A word-for-word copy of the data is what's wanted; pictures stay out of it.

▶ [Given data]:
· · ·

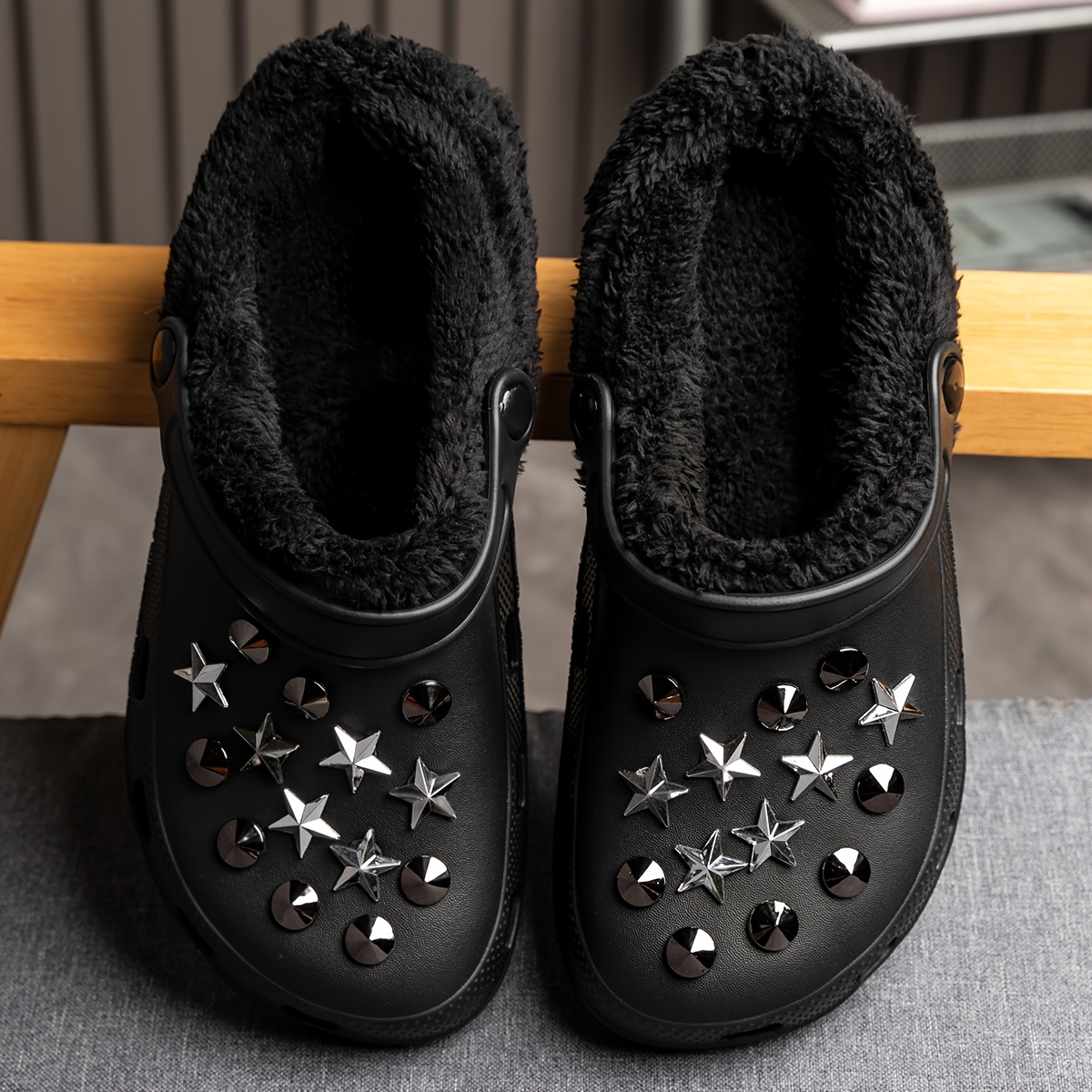 

Punk Style Slippers With Metal - Cozy Fleece-lined, Non-slip Eva Sole For Indoor/outdoor Wear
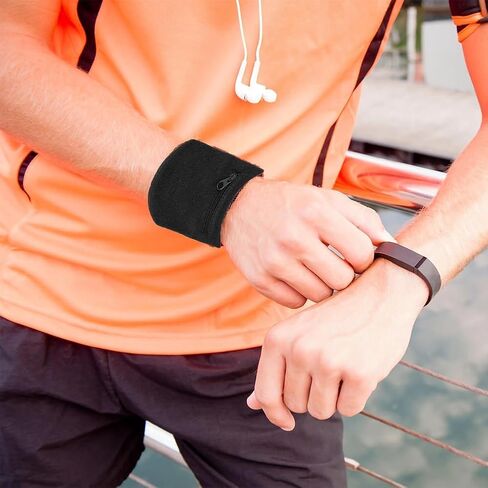 Wrist Band Wallets, Sweat Bands Wristbands Health Gear Sport Coin Keys Storage Pouch Wallets Breathable Pocket Sweatband Wallet with Zipper for Gym Running Basketball Hiking Jogging Black in Saudi Arabia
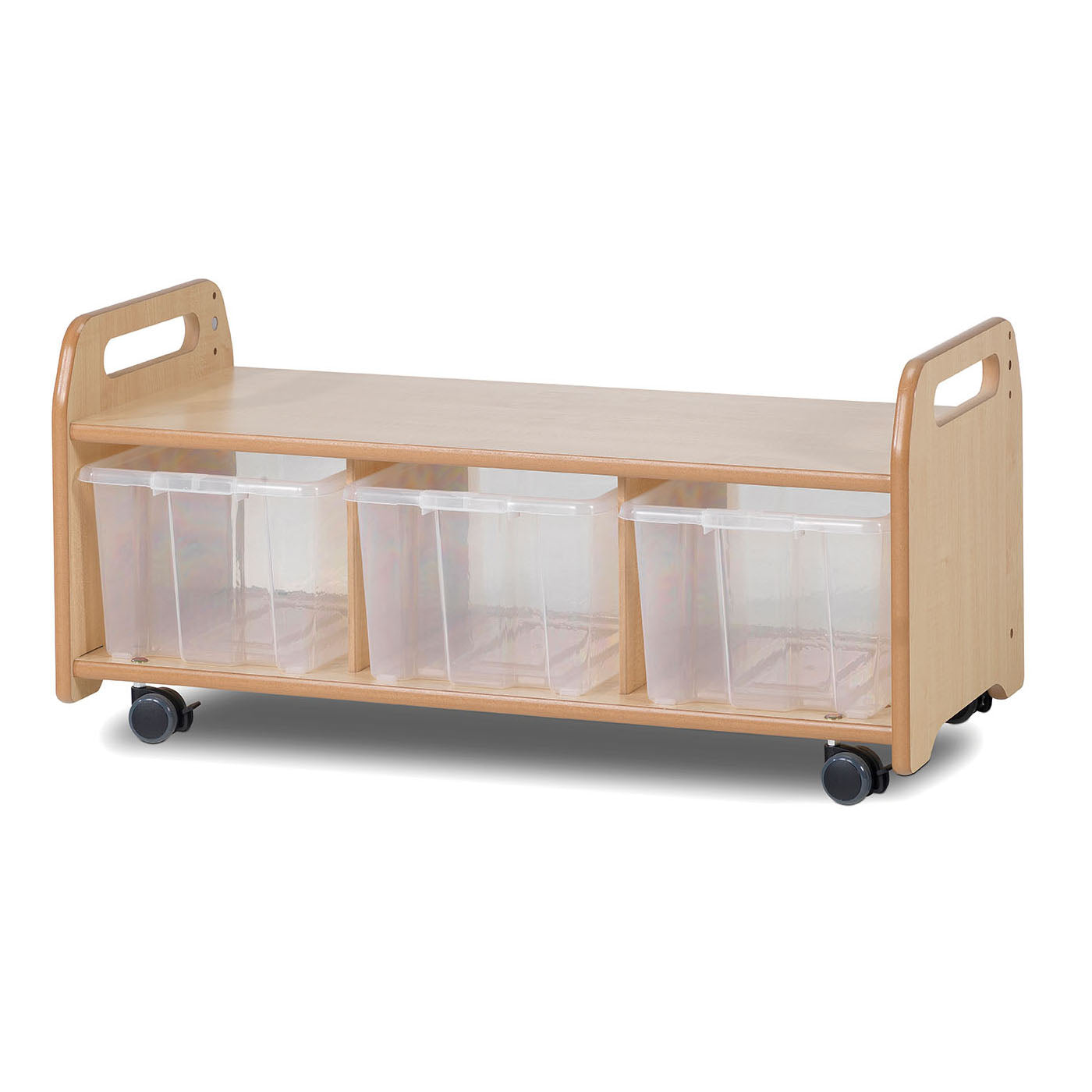 Millhouse Early Years Mobile Low Level Unit with 3 Clear Tubs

· · ·

▶ [Written answer]:
Punk Style Slippers With Metal - Cozy Fleece-lined, Non-slip Eva Sole For Indoor/outdoor Wear
 Wrist Band Wallets, Sweat Bands Wristbands Health Gear Sport Coin Keys Storage Pouch Wallets Breathable Pocket Sweatband Wallet with Zipper for Gym Running Basketball Hiking Jogging Black in Saudi Arabia
 Millhouse Early Years Mobile Low Level Unit with 3 Clear Tubs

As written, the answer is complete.